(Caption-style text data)

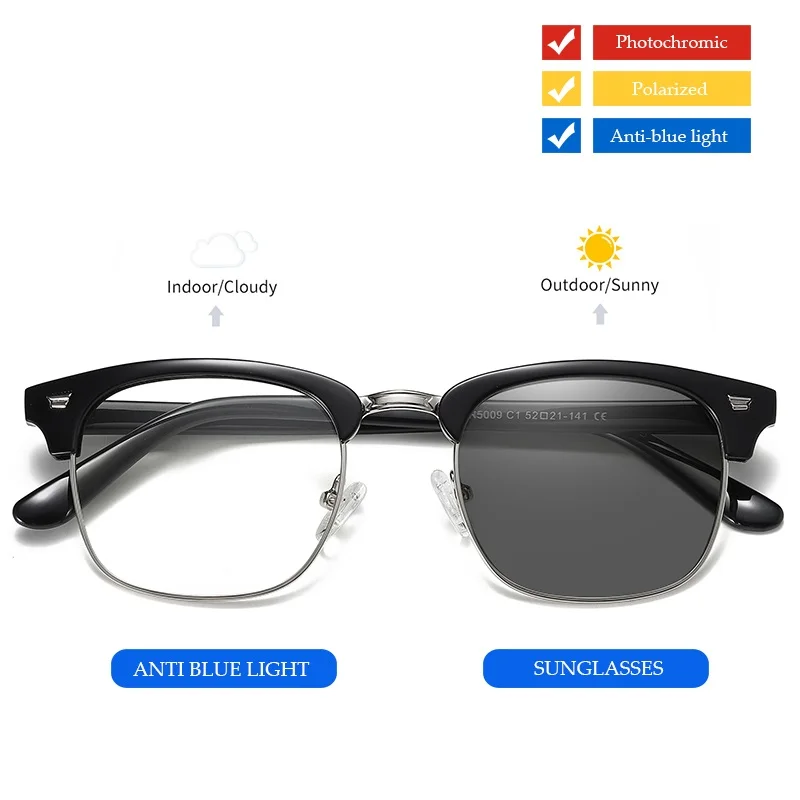 

2-in-1 Photochromic Sunglasses Men Blue Light Blocking Glasses for Women TR90 Frame Computer Gaming Eyewear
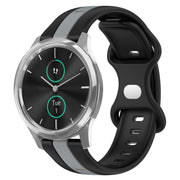 Compatible with Garminmove Luxe 20mm Butterfly Buckle Two-Color Silicone Watch Band(Black+Grey)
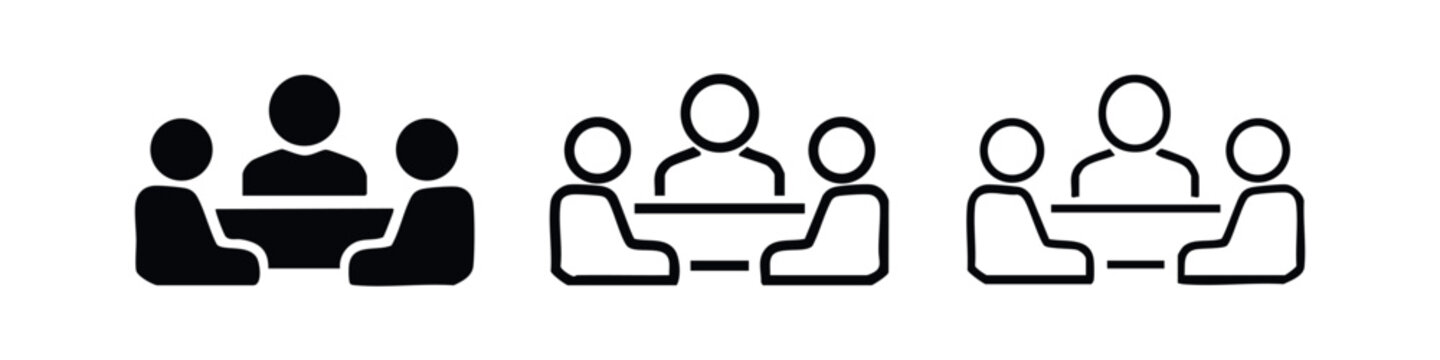 Set of three meeting icons showing people around a table.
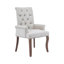 Ensemble de 2 chaises de salle à manger beige avec accoudoirs, chaises de salle à manger rembourrées en chenille avec dossier capitonné et pieds en bois massif, fauteuils d'appoint pour la salle à manger, la cuisine, le salon, beige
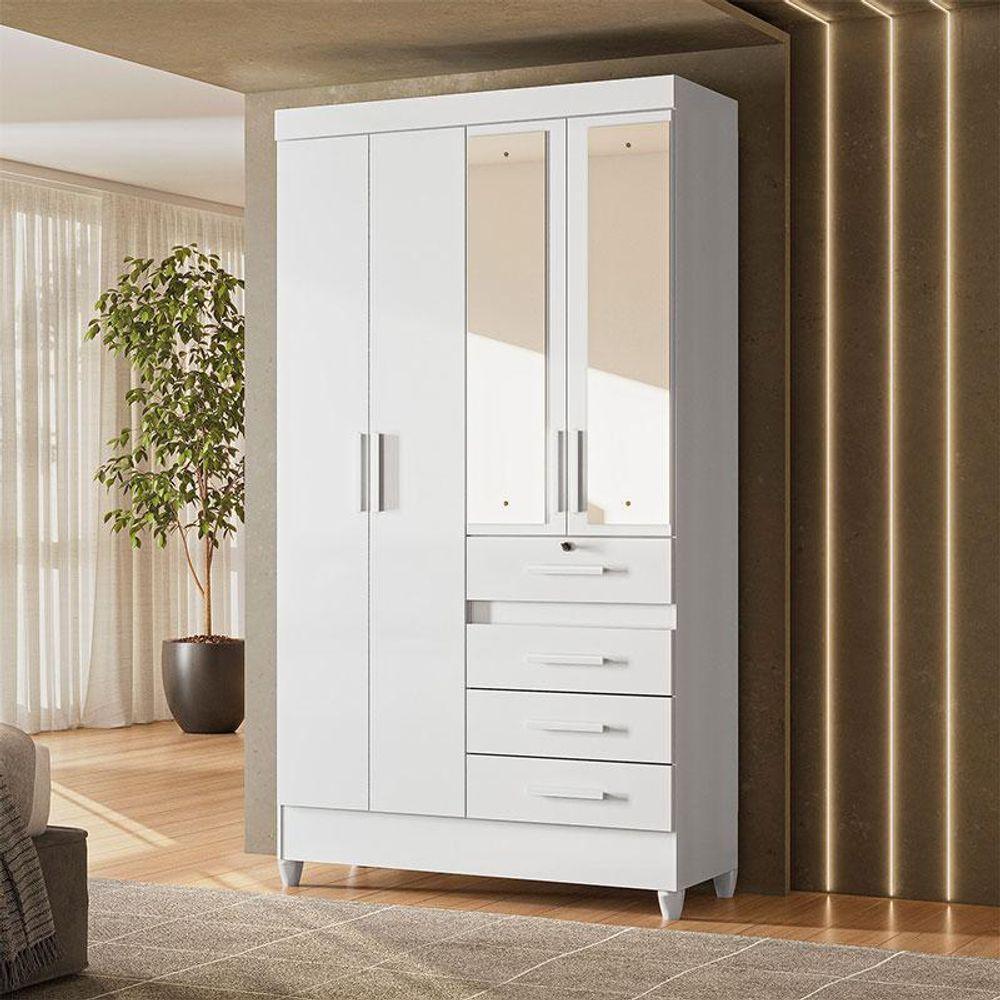 Guarda Roupa Infantil Ambiente Sobral 4 Portas Branco Flex Com Espelho - Moval - 1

Instructions to follow -> Only the lines from the line containing "Compatible with Garminmove" through the last line of the entries above should be reproduced, word for word and without pictures.

Result for this exercise ->
 Compatible with Garminmove Luxe 20mm Butterfly Buckle Two-Color Silicone Watch Band(Black+Grey)
 Set of three meeting icons showing people around a table.
 Ensemble de 2 chaises de salle à manger beige avec accoudoirs, chaises de salle à manger rembourrées en chenille avec dossier capitonné et pieds en bois massif, fauteuils d'appoint pour la salle à manger, la cuisine, le salon, beige
 Guarda Roupa Infantil Ambiente Sobral 4 Portas Branco Flex Com Espelho - Moval - 1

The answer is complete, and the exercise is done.